→ **Directions for this task**
Exact reproduction required: the lines below from the line with "Bathtub, hair dryer, towels" to the line with "Charmante blonde va", both ends included, and no others.

+++ Available records +++

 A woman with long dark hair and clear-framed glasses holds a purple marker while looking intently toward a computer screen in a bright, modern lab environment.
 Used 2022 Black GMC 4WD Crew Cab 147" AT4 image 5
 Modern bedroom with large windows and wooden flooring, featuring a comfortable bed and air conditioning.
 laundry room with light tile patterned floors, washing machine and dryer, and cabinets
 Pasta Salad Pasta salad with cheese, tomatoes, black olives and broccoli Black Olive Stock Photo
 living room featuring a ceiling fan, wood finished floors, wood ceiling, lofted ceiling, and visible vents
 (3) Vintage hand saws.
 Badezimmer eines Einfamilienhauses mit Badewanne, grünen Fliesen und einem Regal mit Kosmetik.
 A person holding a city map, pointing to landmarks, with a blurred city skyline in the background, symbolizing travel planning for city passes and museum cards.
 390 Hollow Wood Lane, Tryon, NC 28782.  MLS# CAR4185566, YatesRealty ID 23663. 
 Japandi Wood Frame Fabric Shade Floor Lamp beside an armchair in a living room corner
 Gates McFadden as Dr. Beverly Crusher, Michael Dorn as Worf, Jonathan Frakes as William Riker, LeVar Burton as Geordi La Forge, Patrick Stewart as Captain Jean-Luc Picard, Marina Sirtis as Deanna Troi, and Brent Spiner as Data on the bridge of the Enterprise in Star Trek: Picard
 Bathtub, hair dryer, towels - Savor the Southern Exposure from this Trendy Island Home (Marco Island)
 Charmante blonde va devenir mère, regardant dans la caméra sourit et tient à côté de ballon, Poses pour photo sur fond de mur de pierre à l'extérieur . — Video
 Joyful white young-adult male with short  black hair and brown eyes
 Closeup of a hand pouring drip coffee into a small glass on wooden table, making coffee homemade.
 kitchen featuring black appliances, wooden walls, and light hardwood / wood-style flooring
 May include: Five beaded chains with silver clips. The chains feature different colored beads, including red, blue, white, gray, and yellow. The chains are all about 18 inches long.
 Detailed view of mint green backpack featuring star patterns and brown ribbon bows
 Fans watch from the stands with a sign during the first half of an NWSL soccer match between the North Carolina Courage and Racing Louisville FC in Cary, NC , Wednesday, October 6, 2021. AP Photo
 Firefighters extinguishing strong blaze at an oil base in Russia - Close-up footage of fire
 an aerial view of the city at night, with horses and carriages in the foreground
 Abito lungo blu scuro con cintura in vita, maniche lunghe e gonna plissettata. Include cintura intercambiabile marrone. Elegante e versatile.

+++

→ **Exercise answer**
 Bathtub, hair dryer, towels - Savor the Southern Exposure from this Trendy Island Home (Marco Island)
 Charmante blonde va devenir mère, regardant dans la caméra sourit et tient à côté de ballon, Poses pour photo sur fond de mur de pierre à l'extérieur . — Video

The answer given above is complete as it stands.